_Excerpted records_
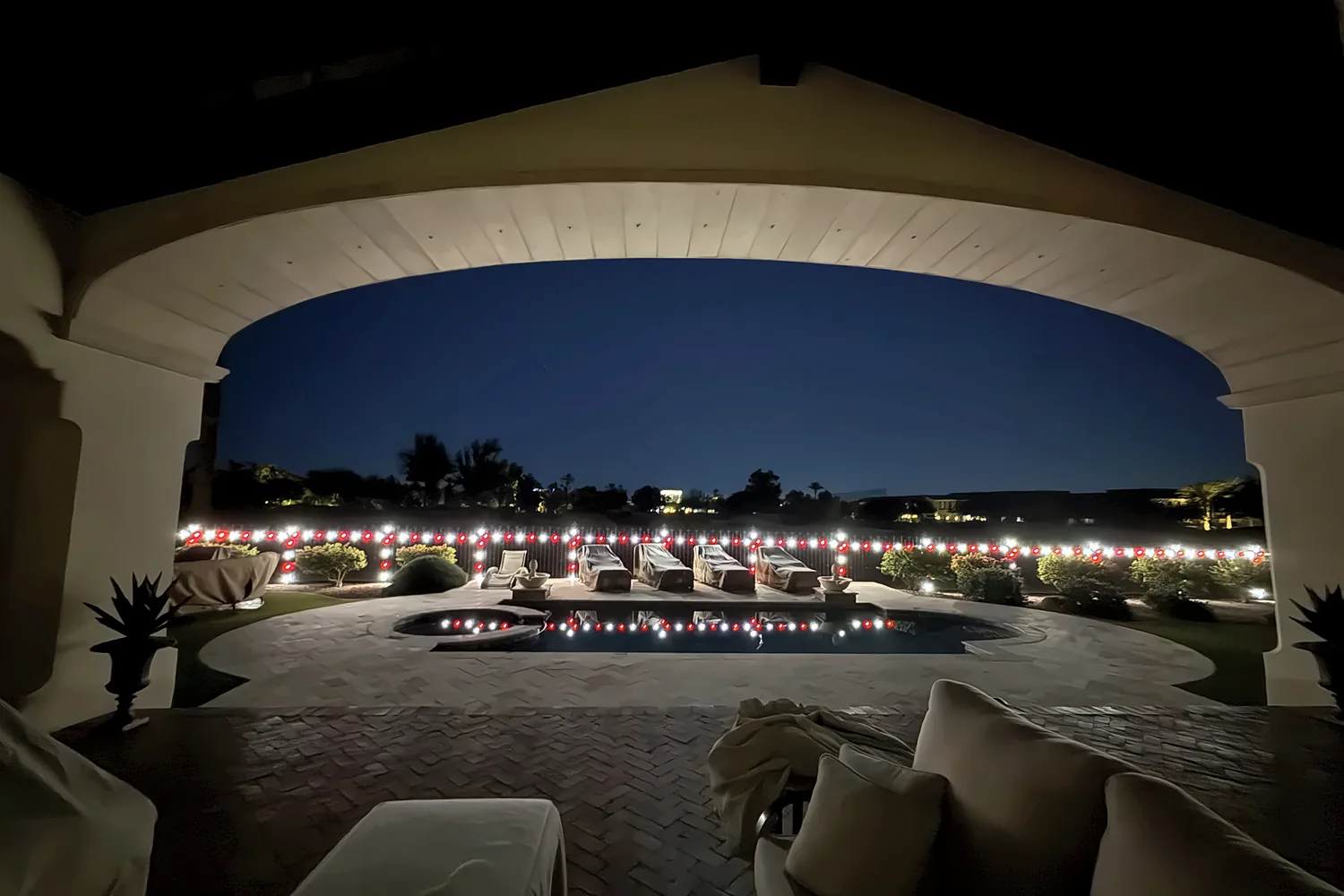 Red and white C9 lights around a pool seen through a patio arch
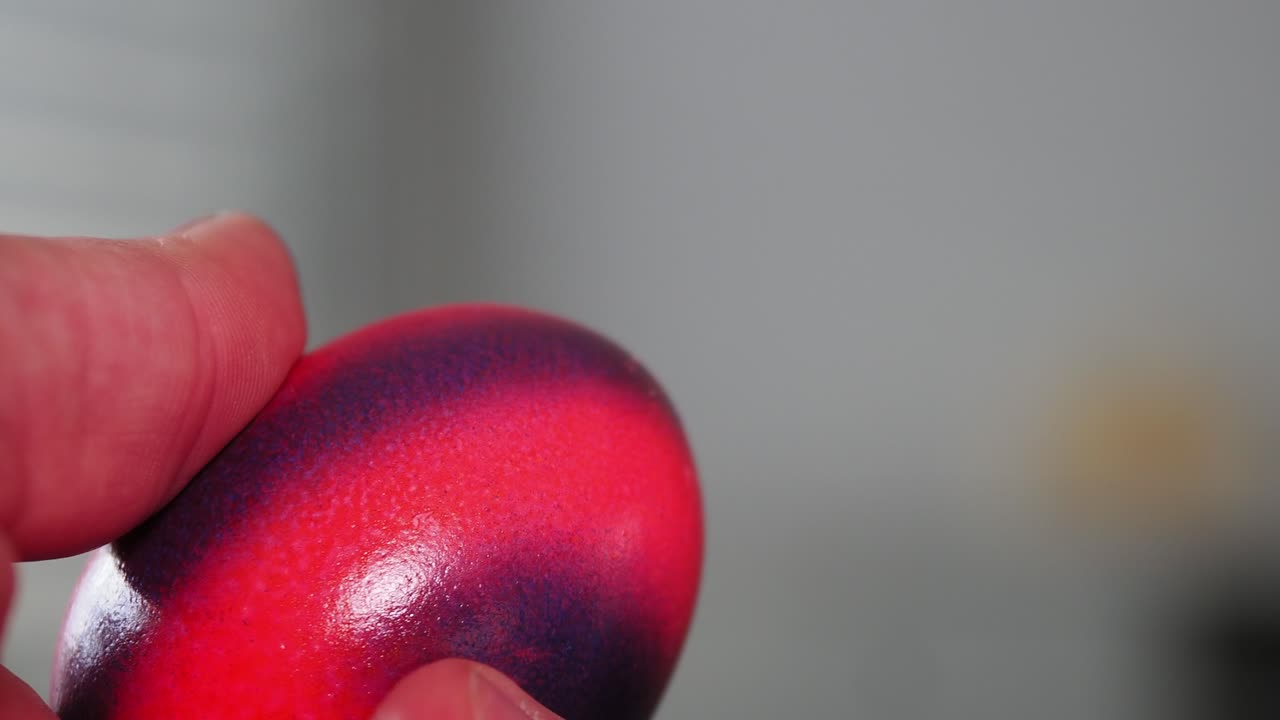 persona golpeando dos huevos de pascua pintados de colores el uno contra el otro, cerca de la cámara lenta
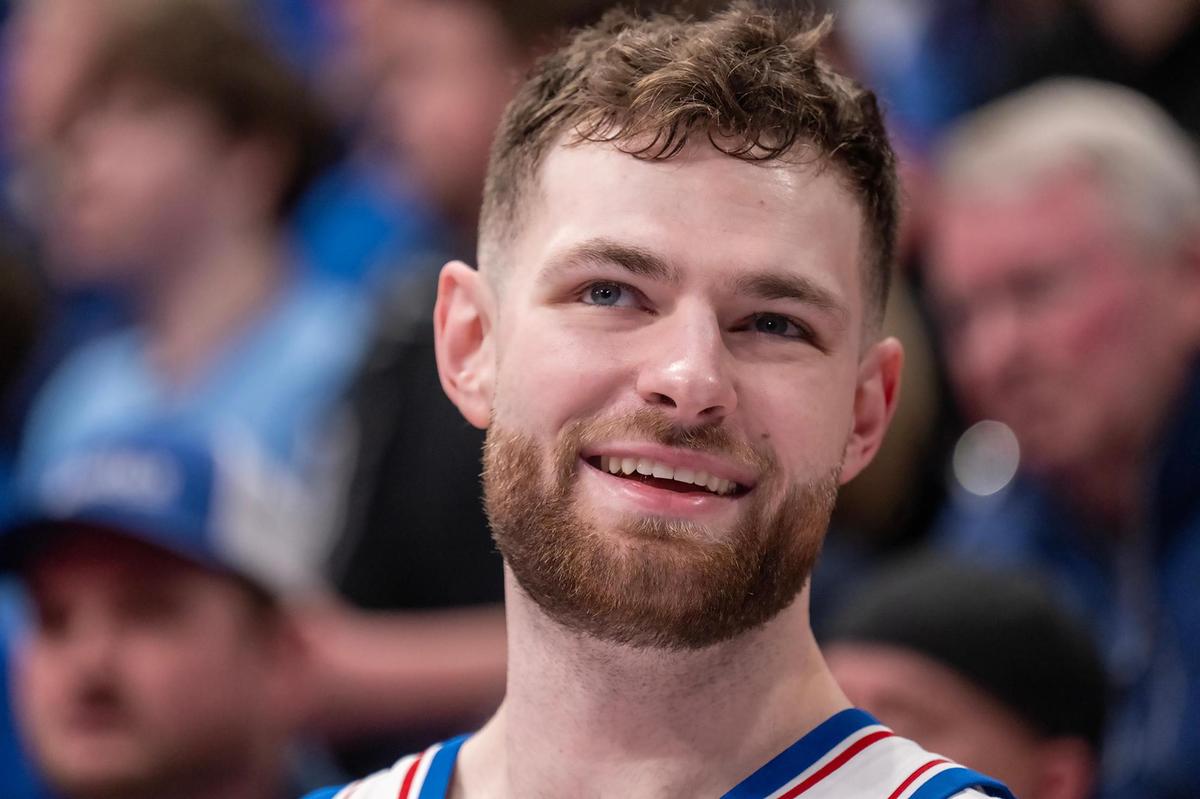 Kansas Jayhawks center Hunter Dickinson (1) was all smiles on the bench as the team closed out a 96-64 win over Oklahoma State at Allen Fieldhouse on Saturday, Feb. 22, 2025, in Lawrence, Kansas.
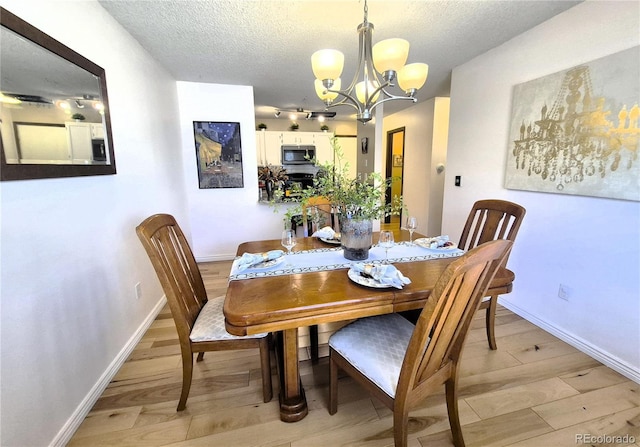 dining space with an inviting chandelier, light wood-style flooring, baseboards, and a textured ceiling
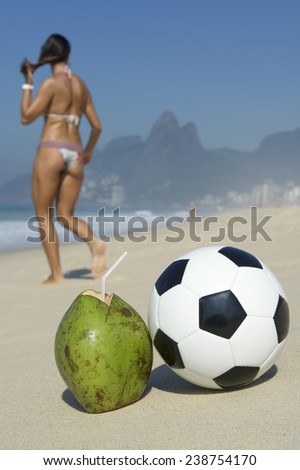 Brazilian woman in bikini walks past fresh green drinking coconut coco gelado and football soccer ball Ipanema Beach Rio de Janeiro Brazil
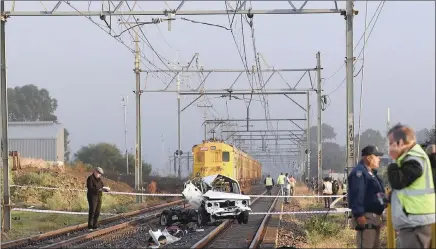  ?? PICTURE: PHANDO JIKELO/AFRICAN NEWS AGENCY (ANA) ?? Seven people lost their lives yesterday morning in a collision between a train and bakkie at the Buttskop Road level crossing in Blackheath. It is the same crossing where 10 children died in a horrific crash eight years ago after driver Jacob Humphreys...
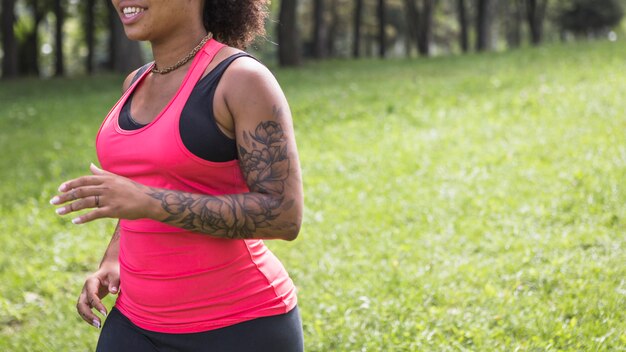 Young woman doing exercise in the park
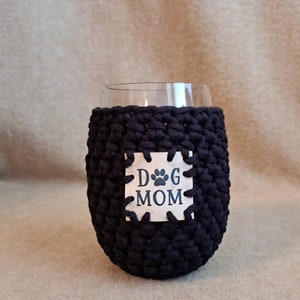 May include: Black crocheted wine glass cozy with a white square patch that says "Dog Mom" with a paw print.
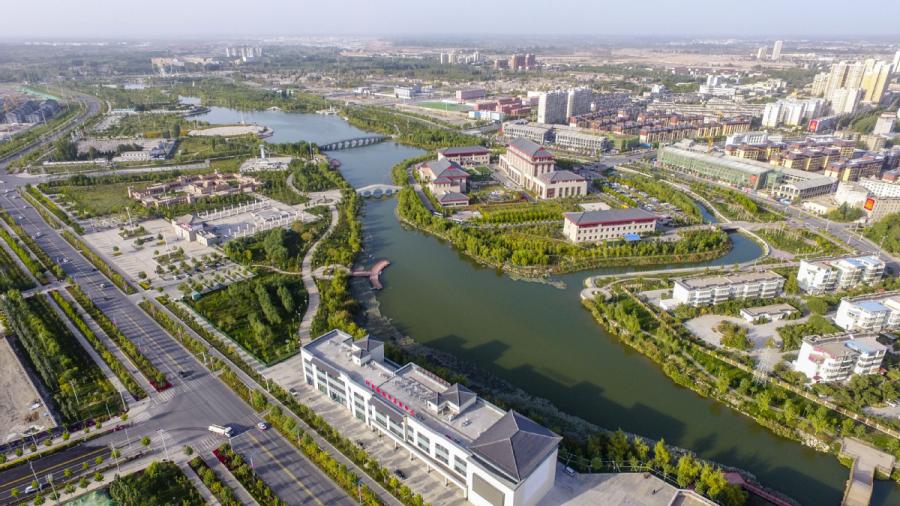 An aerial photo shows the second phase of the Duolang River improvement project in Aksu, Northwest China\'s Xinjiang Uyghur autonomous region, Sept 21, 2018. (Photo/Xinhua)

_What the exercise asks_
Would you give again exactly the lines from the line containing "Brazilian woman in" through the end of the listing, both ends included, without any pictures?

_Reply_
 Brazilian woman in bikini walks past fresh green drinking coconut coco gelado and football soccer ball Ipanema Beach Rio de Janeiro Brazil
  ?? PICTURE: PHANDO JIKELO/AFRICAN NEWS AGENCY (ANA) ?? Seven people lost their lives yesterday morning in a collision between a train and bakkie at the Buttskop Road level crossing in Blackheath. It is the same crossing where 10 children died in a horrific crash eight years ago after driver Jacob Humphreys...
 Young woman doing exercise in the park
 May include: Black crocheted wine glass cozy with a white square patch that says "Dog Mom" with a paw print.
 An aerial photo shows the second phase of the Duolang River improvement project in Aksu, Northwest China\'s Xinjiang Uyghur autonomous region, Sept 21, 2018. (Photo/Xinhua)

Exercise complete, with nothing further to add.